Mise à jour le 11/06/2017
par Roland Laffitte dernière mise à jour le 10/10/2015
Ce calendrier est au carrefour de différentes influences : * mésopotamiennes par son contenu, l’adoption du zodiaque comme comput ; * babyloniennes, ouest et est-araméennes dans les noms zodiacaux, comme on peut le voir sur le tableau ci-dessous ; * sud-arabique par son écriture même, son alphabet étant considéré comme dérivé du sudarabique. Il constitue par conséquent un échantillon symbolique d’un véritable espace culturel pré-arabe, avant même que le surgissement ne lui donne des éléments d’homogénéisation plus grands encore.

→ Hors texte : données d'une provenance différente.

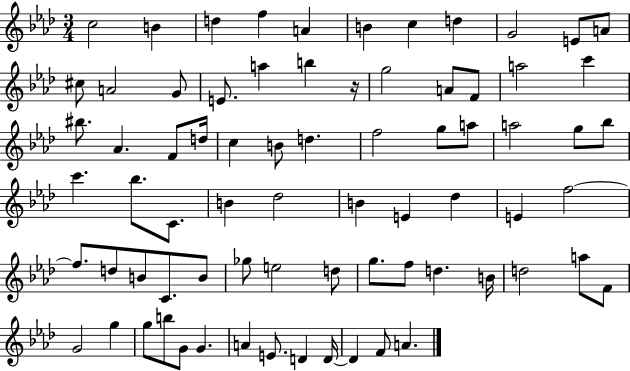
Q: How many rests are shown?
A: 1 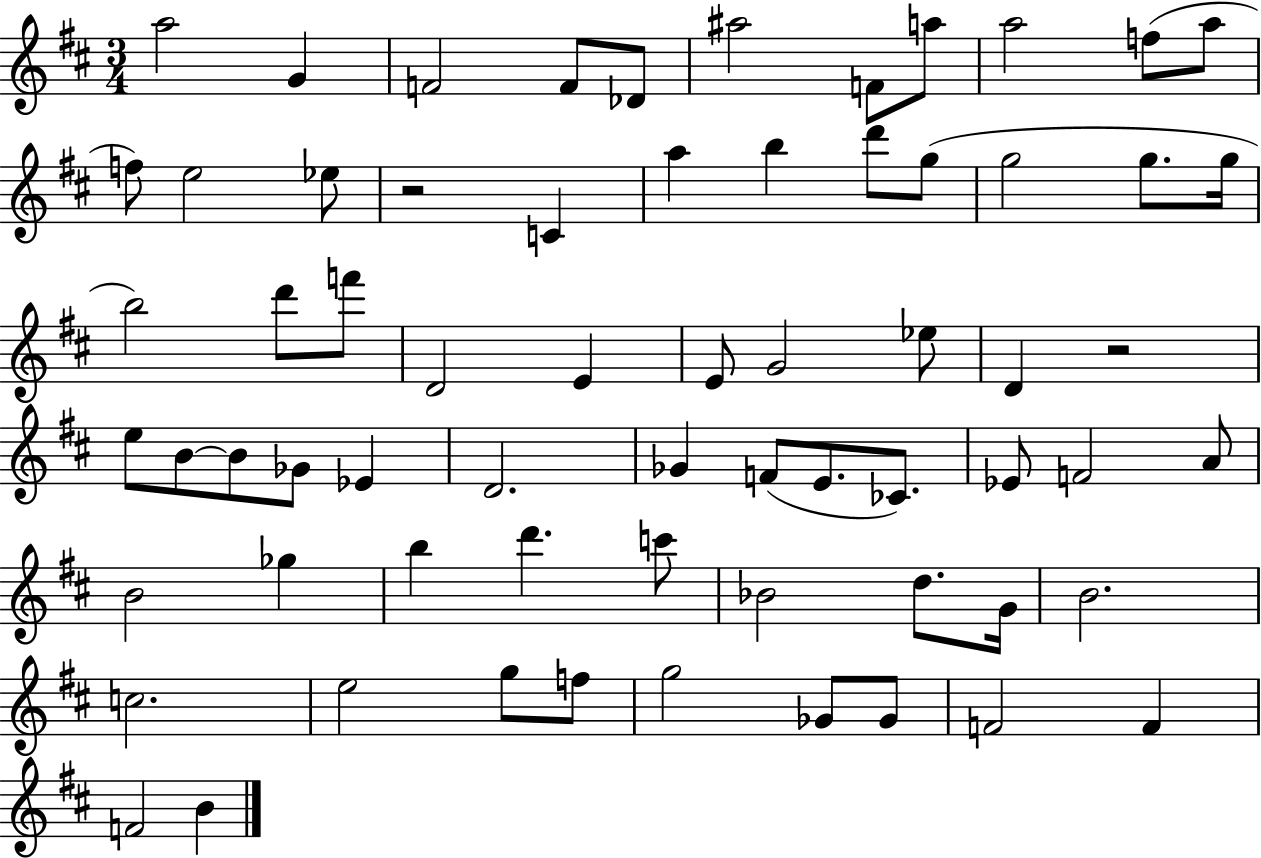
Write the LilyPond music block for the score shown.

{
  \clef treble
  \numericTimeSignature
  \time 3/4
  \key d \major
  a''2 g'4 | f'2 f'8 des'8 | ais''2 f'8 a''8 | a''2 f''8( a''8 | \break f''8) e''2 ees''8 | r2 c'4 | a''4 b''4 d'''8 g''8( | g''2 g''8. g''16 | \break b''2) d'''8 f'''8 | d'2 e'4 | e'8 g'2 ees''8 | d'4 r2 | \break e''8 b'8~~ b'8 ges'8 ees'4 | d'2. | ges'4 f'8( e'8. ces'8.) | ees'8 f'2 a'8 | \break b'2 ges''4 | b''4 d'''4. c'''8 | bes'2 d''8. g'16 | b'2. | \break c''2. | e''2 g''8 f''8 | g''2 ges'8 ges'8 | f'2 f'4 | \break f'2 b'4 | \bar "|."
}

Cet article présente les noms zodiacaux safaïtiques, dont le tableau est présenté plus loin dans cet article, en rapport avec les autres listes sémitiques, tout particulièrement babyloniennes et araméennes. Pour ceux qui veulent approfondir la question des noms du zodiaque, je renvoie à ces articles de mon cru qui figurent sur ce site : Les noms sémitiques des signes du zodiaque dans l’espace arabo-turco-persan, et Sur l’origine de la constellation de la Vierge
Tableau des noms des signes zodiacaux safaïtiques Remarque : les noms sont translittérés, en caractères latins et arabes, et non voyellisés
COMMENTAIRE 1. ḏkr ≈ Aries. Cette forme correspond à celle des zodiaques araméens occidentaux (Qumran, syriaques occidentaux). Pour davantage de détails, voir « Le Point sur l’origine mésopotamienne du signe zodiacal du Bélier », 2. ’’ly ≈ Taurus. À première vue, ce nom ressemble à l”akkadien alû, c’est-à-dire GU4.ANNA, « le Taureau céleste ». Mais le mot lui-même doit être rapproché du syriaque alyta, « la Queue » [du Mouton] », et du nom arabe Alya(t) al-Ḥamal, « la Queue de l’Agneau » donné dans les calendriers arabes au groupe des Pléiades. Manāzil I & II : al-Ḥamal, « l’Agneau »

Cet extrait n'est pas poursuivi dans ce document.